Quasi quasi si avverava il suo sogno!

Ma la voce era quella di Carissima.

— Adone, vattene. Ho molto da fare, ancora. Mi riaccompagnerà Jusfin. Glielo ha ordinato la signorina.

— Senti... — egli disse, quasi incosciente. L'hai veduta?

Carissima rispose di sì: e aggiunse con malizia:

— E tu, no? Le ho detto che mi aspettavi!

E ritornò di corsa verso il palazzo.

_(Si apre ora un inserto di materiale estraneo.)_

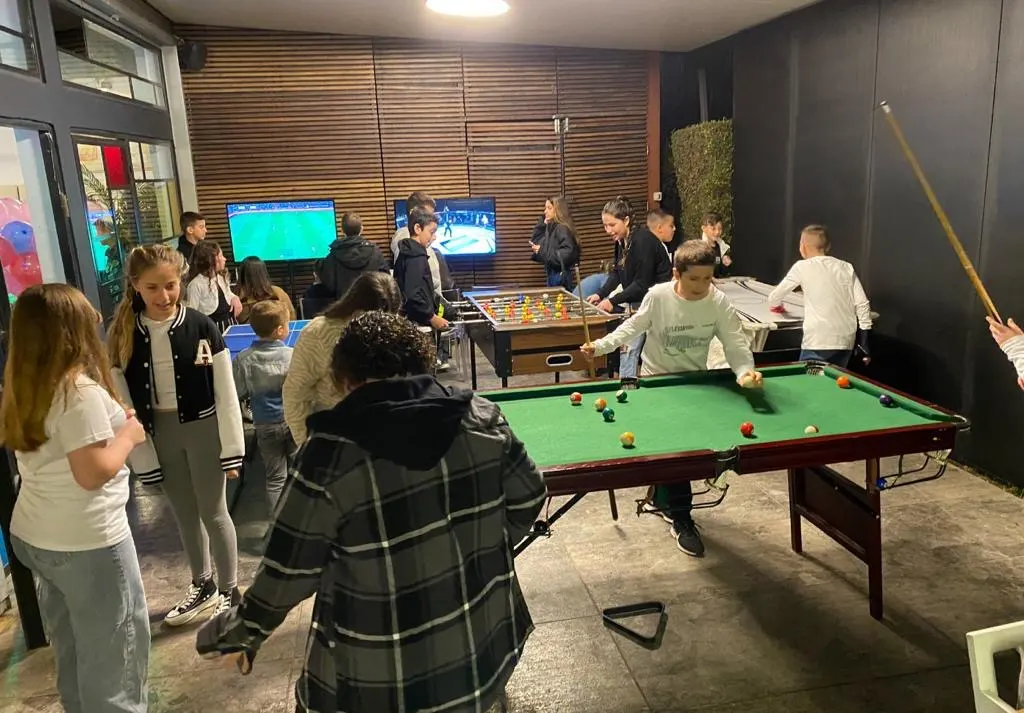 4 שולחנות לבחירת הלקוח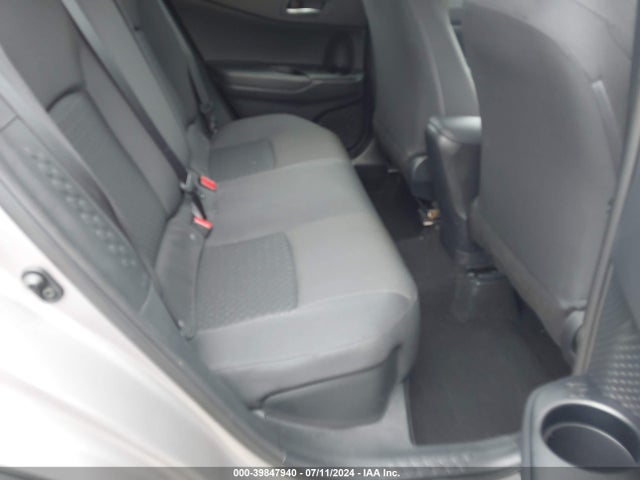 Toyota C-HR LE 2020 NMTKHMBX4LR104705 Image 8
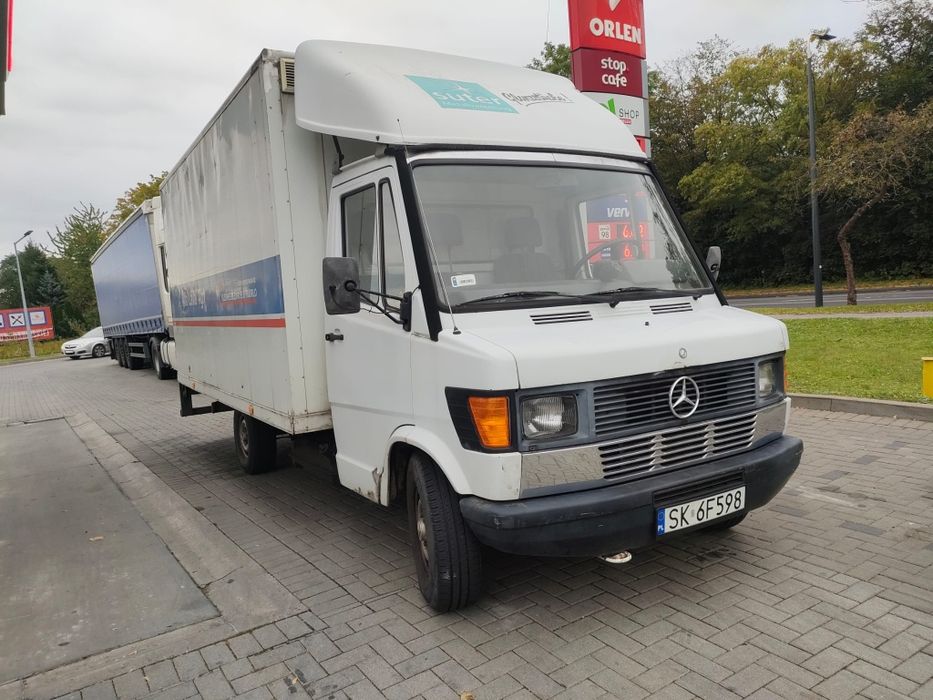 Mercedes Kaczka 310D Kontener wspomaganie kierownicy zdrowy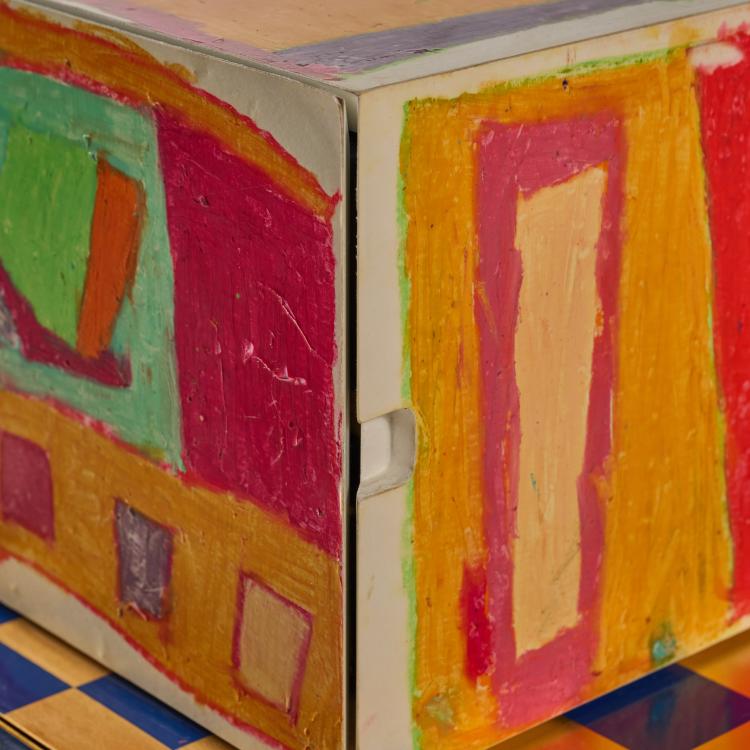 Bild 1 zu Objekt, Schubladenschrank 'Nigritella Nigra' aus der 'Museum Market'-Serie, 1993 (Entwurf), Alessandro Mendini, Design Gallery Milano, Mailand / Milan, 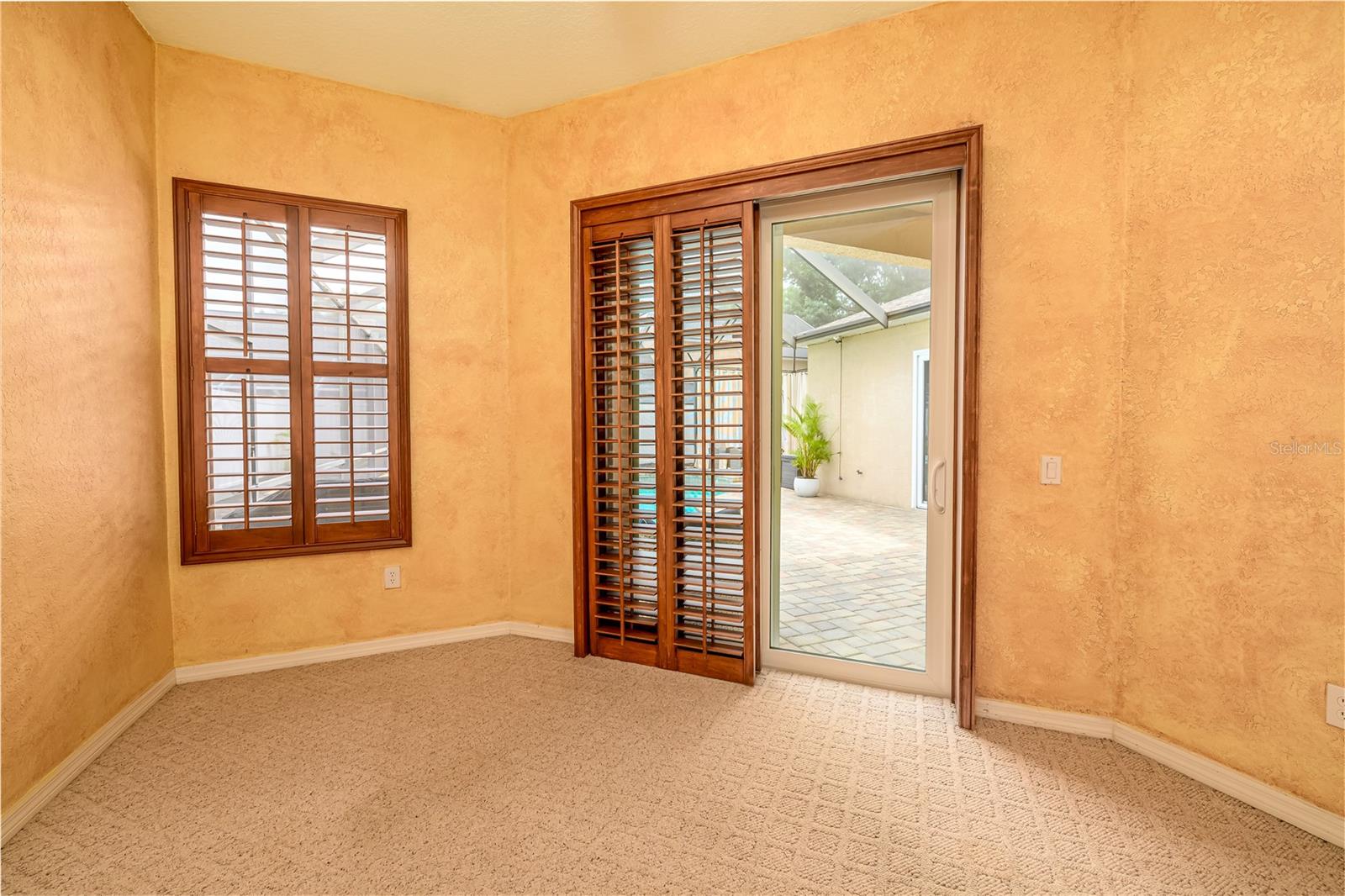 Sliders from sitting room to lanai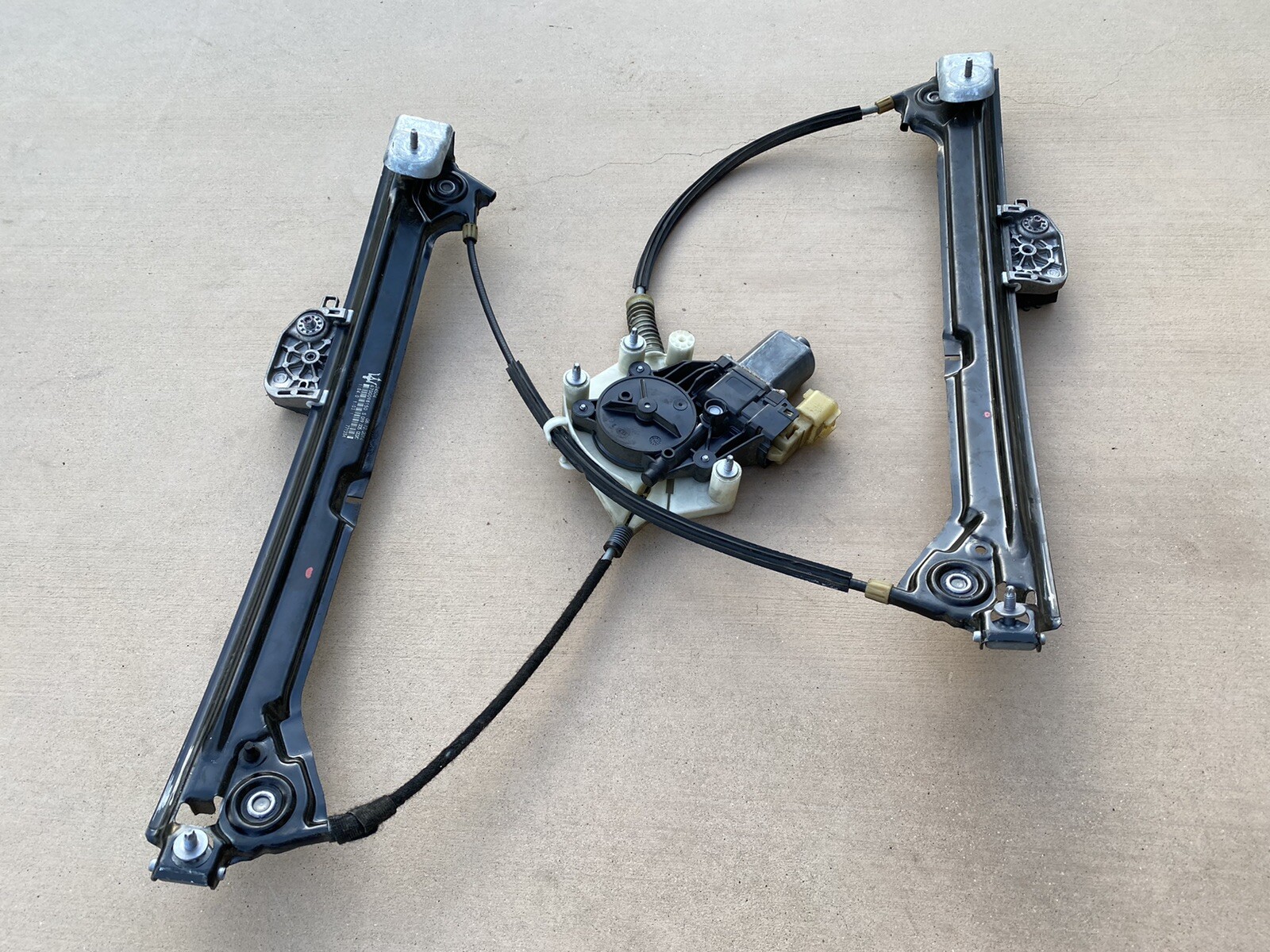 2014-2022 Maserati Ghibli Front Right Passenger Side Window Regulator & Motor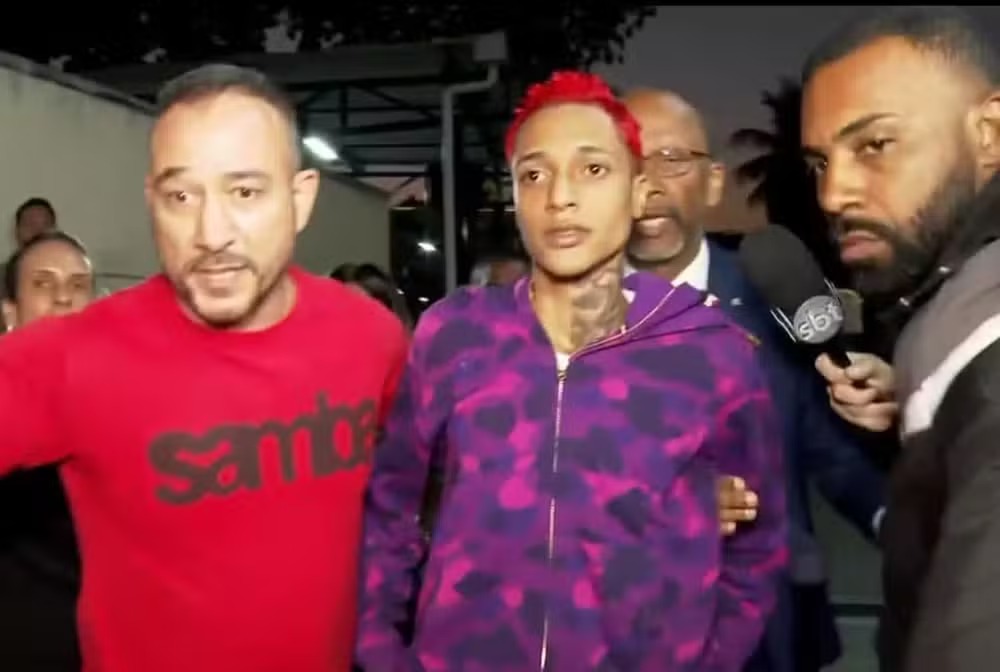 O artista, de 25 anos, é réu por duas tentativas de homicídio qualificado contra policiais civis durante uma operação realizada em julho do ano passado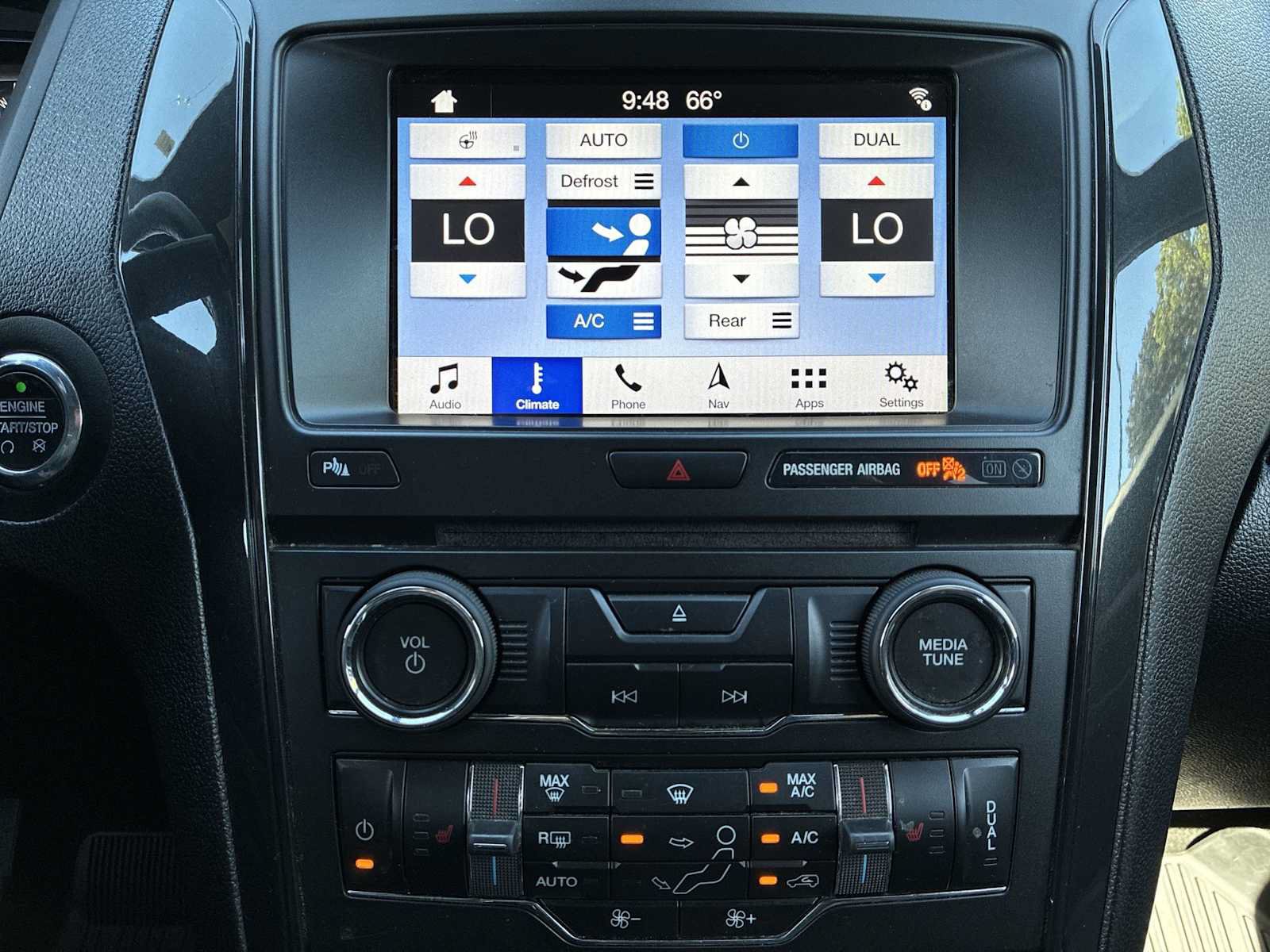Used 2018 Ford Explorer XLT w/ Equipment Group 202A AWD/4WD image 17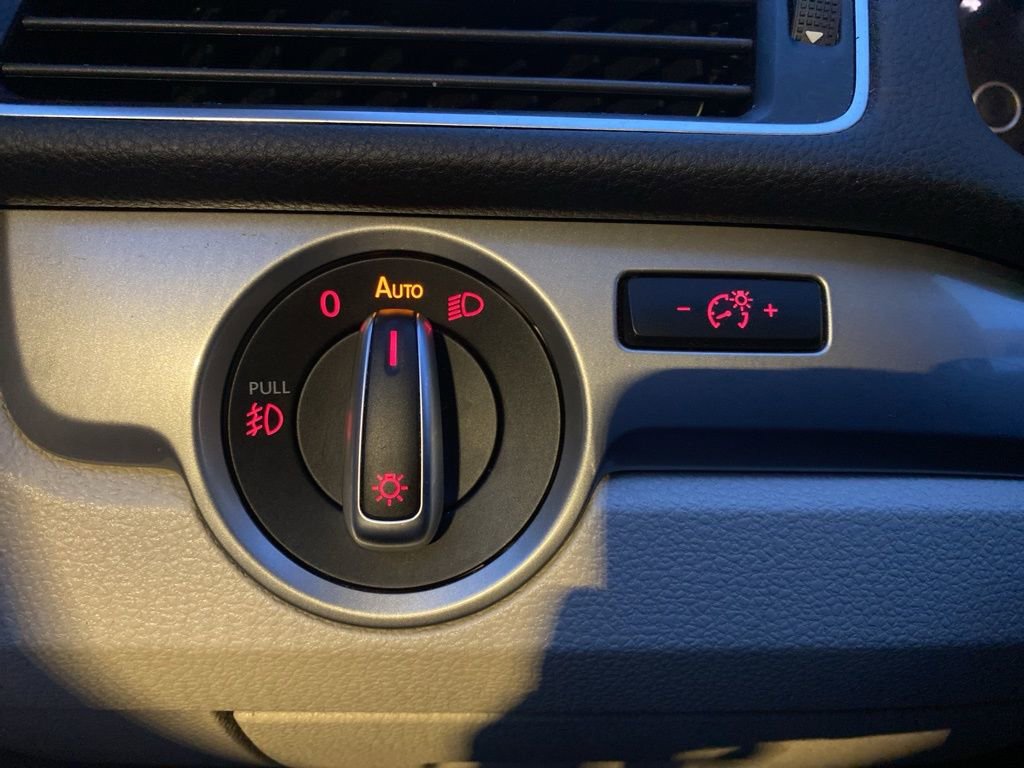 Used 2015 Volkswagen Passat 1.8T Limited Edition image 19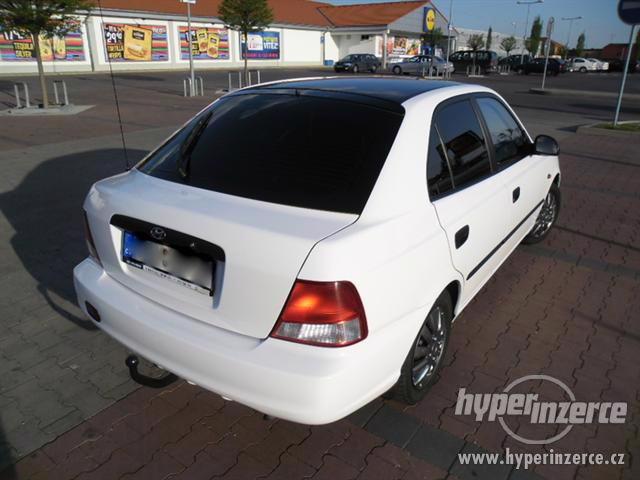 Hyundai Accent, 1.3,  39.000 Kč - foto 4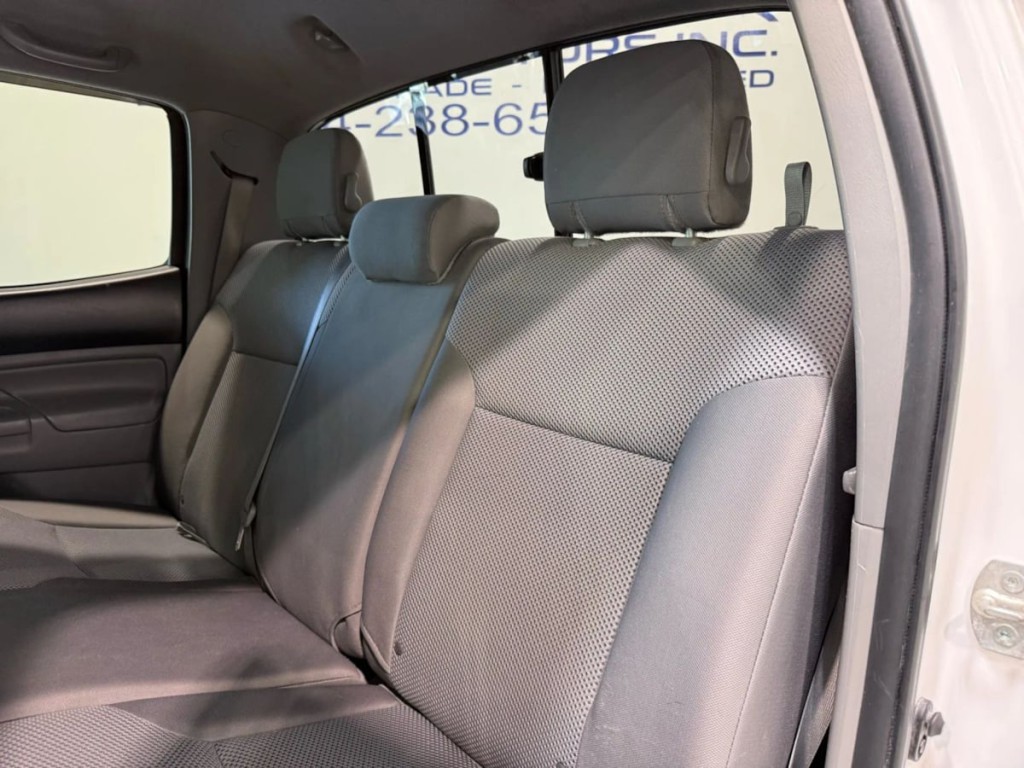 2012 Toyota Tacoma Image 25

Egli rimase, aggrappato al cancello, di cui gli pareva che il ferro tremasse. Era lui che tremava. Ella sapeva ch’egli era lì. Ella verrebbe; ne era certo! Ed egli ora l’aspettava, con tutta l’ansia d’una passione colpevole ma vittoriosa.

E non ricordava più nulla: nè chi era lui, nè chi era lei: nè che la sua amante l’aspettava alla finestra del viottolo. Gli pareva, soltanto, che nella sua vita egli non avesse fatto altro che aspettar Maddalena!

Ma ella non venne.

Allora egli fu colto da una specie di fissazione delirante. L’ombra del suo sogno gli sfuggiva davanti: egli si mise ad inseguirla con ebbrezza dolorosa, pur figurandosi di esserne fatalmente trascinato.